Some of the above statements or their combinations may be equivalent.

Missing /s sub-layer is isotopic stereochemical layer

Q: In trying to understand the Isotopic Layer, I came across the following InChI in the inchi-samples/Samples.sdf file of the InChI binary distribution (Structure 28):

InChI=1/C7H8O4/c1-3(9)5-4(2-8)6(5)7(10)11/h2,5-6,8H,1H3,(H,10,11)/b4-2-/t5-,6+/m0/s1/i1TD,3+1/t1-,5+,6-/m1

I am unclear about the lack of "/s" following "/m" in the Isotopic Layer:

/i1TD,3+1/t1-,5+,6-/m1

Given previous guidance that:
"(c) /s segment is not present only in the following cases:
(c1) there is no stereogenic atoms in the structure, or
(c2) all stereogenic atoms have unknown or undefined stereo, or
(c3) the structure is not chiral"

A: The stereochemical layer is "repetitive". You may want to take a look at the "Appendix 2. Abbreviations and Layer Precedence", section "Layer Precedence" in the InChI Technical Manual.

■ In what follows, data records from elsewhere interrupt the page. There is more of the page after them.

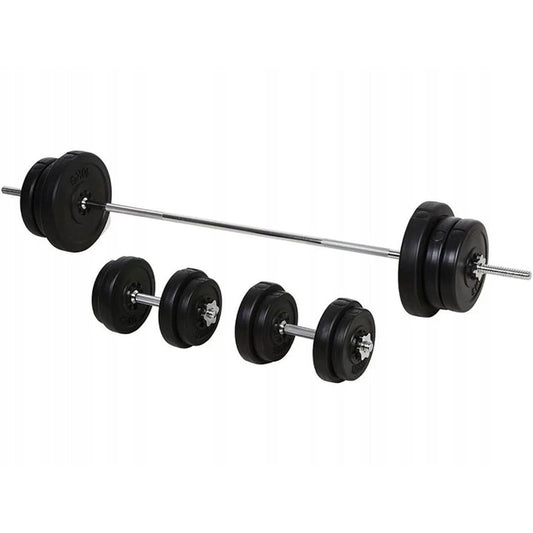 65kg Chrome Adjustable Dumbbell & Barbell Set – 2-in-1 Free Weights Kit | 170cm Bar with Spin Collars & Plastic-Coated Plates | Strength Training for Home Gym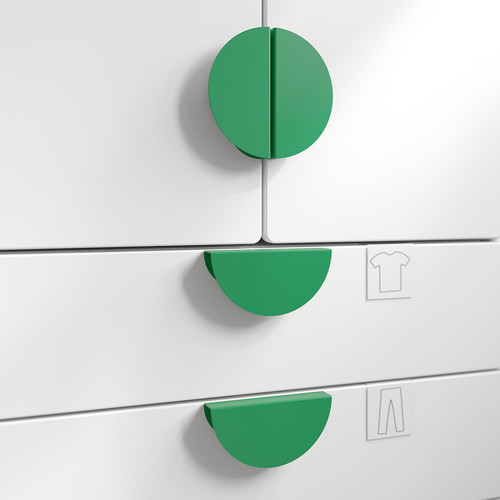 BEGRIPA Handle, green/half-round, 130 mm, 2 pack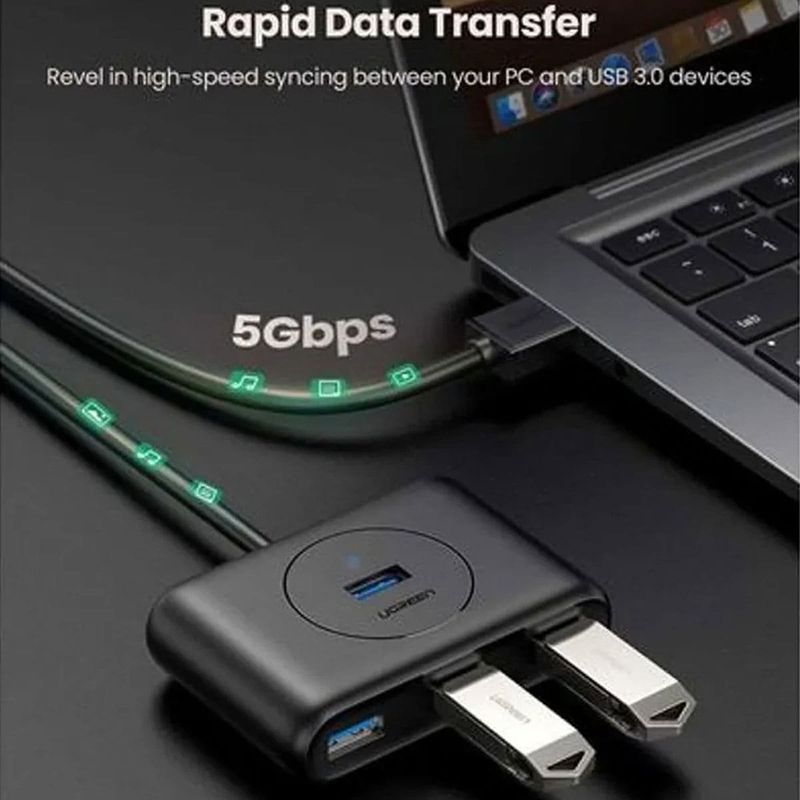 hub ugreen usb 3.0 4 portas cr113 preto (mp)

Below I call a "segment" the following /string:
.../string/... or .../string[End of Line]
there is no slash inside the string.

In general, if an InChI "repetitive" segment /e in a given layer L is exactly same as its namesake segment /e' in the preceding layer L', then /e is omitted (strings /e and /e' are identical, the ' mark the position inside the InChI string).

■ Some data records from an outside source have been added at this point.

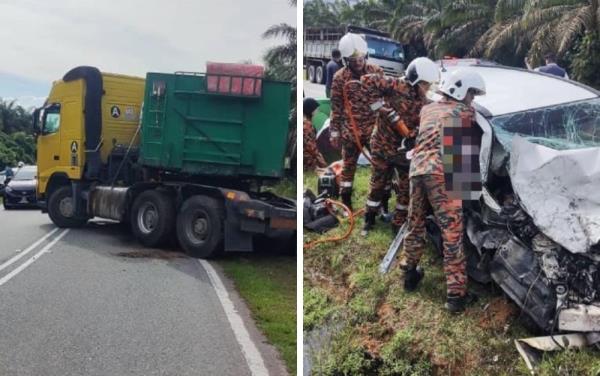 Eight people, including three children, were injured in an accident after the multi-purpose vehicle (MPV) they were travelling in was involved in an accident with a trailer at Jalan Mersing Nitar near Felda Nitar 1, Mersing. — Picture courtesy of the Fire and Rescue Department 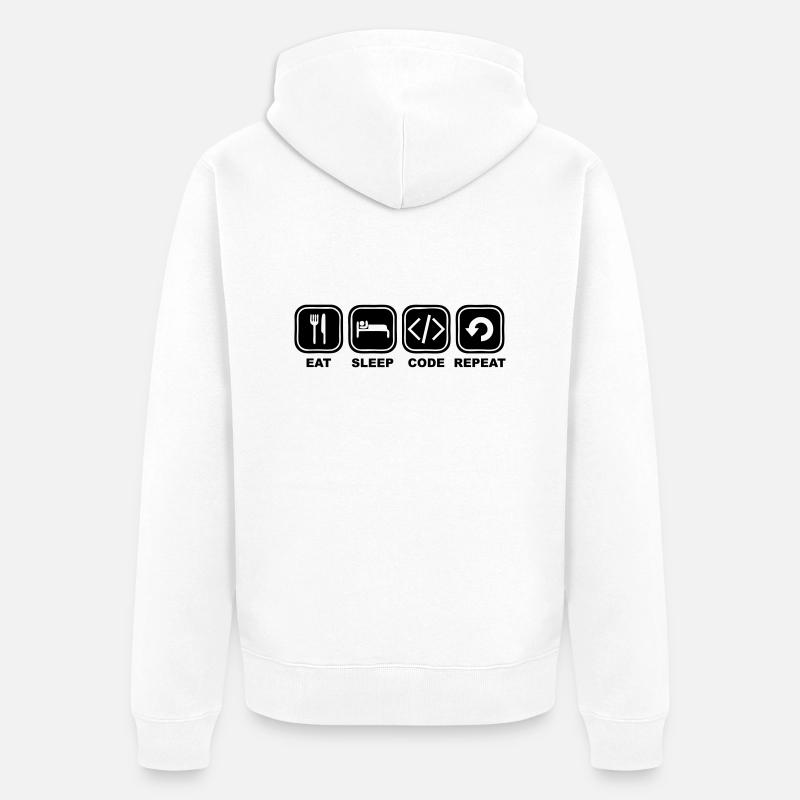 Eat, sleep, Code, Repeat - Unisex Premium Organic Zip Hoodie - white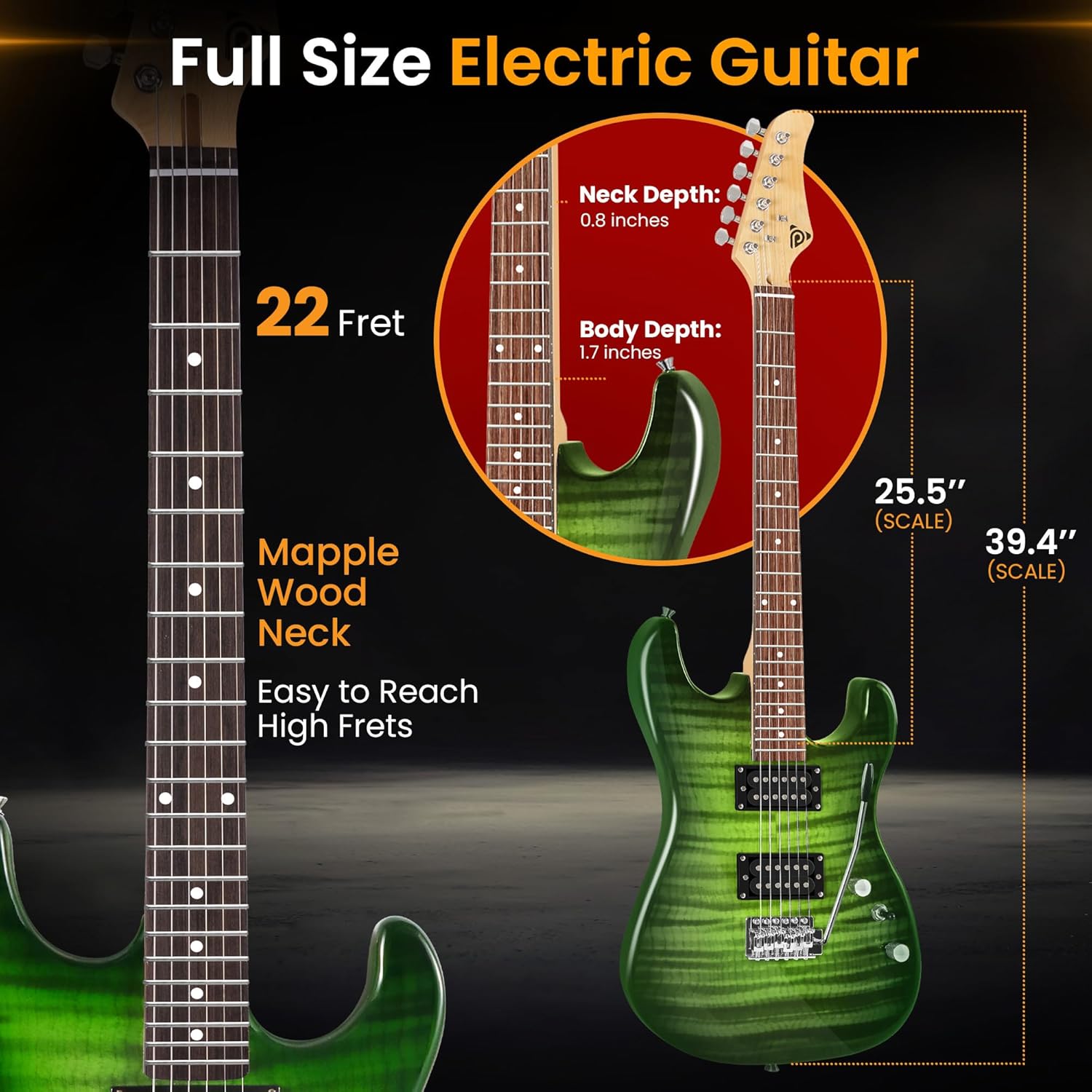 Pyle Electric Guitar Kit with Amp, Full Size Instrument with Humbucker Pickups, Guitarra Electrica Amplifier and Beginner Bundle Accessories, 39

Also parts of the segments referring components that are not isotopic ("entities") are left empty in the isotopic layer and represented there by the ";".

Note that the /m layer is included in both stereochemical layers as the stereochemistry is inverted between the two.

Isotopic Layer

What is the ordering of Deuterium and Tritium in the isotopic layer?

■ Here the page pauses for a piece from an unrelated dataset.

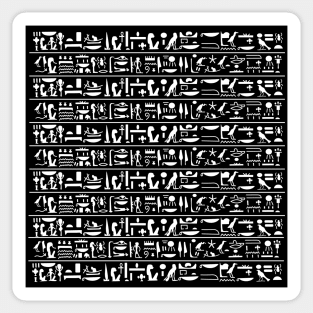 Ancient Egypt hyeroglyphs White pattern repeat Sticker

The ordering of isotopes goes in descending atomic mass. Thus the ordering for Tritium, Deuterium and Protium is T>D>1H.

Note that if you specify the generic H (rather than the specific protium isotope 1H) then it will obviously not appear in the isotopic layer (which only deals with specific isotopic enrichment).

Reconnected Layer

Multiple entities in the reconnected layer

Q: Can a reconnected layer ("/r") ever consist of more than one entity? I'm defining "entity" as a connected molecular graph. I've seen examples of InChIs that contain a single "reconnected" entity (such as the ferrocene example, for which I appreciate the help I got). But would a reconnected layer ever contain multiple reconnected entities?

A: In general, it is possible. In fact, it is the case if you calculate an InChI of a compound drawn as two or more coordination compounds (entities) that are not connected to each other by chemical bonds.

For example:

General note on the Reconnected layer

Dmitrii Tchekovskoi -
I would like to emphasize that only the disconnected form is generally reliable. The 'reconnected' form depends on drawing conventions including not only H-atoms, but also the connectivity drawn in the original. The 'reconnected' form was included in InChI to allow individuals to store their specific connectivity if they wish.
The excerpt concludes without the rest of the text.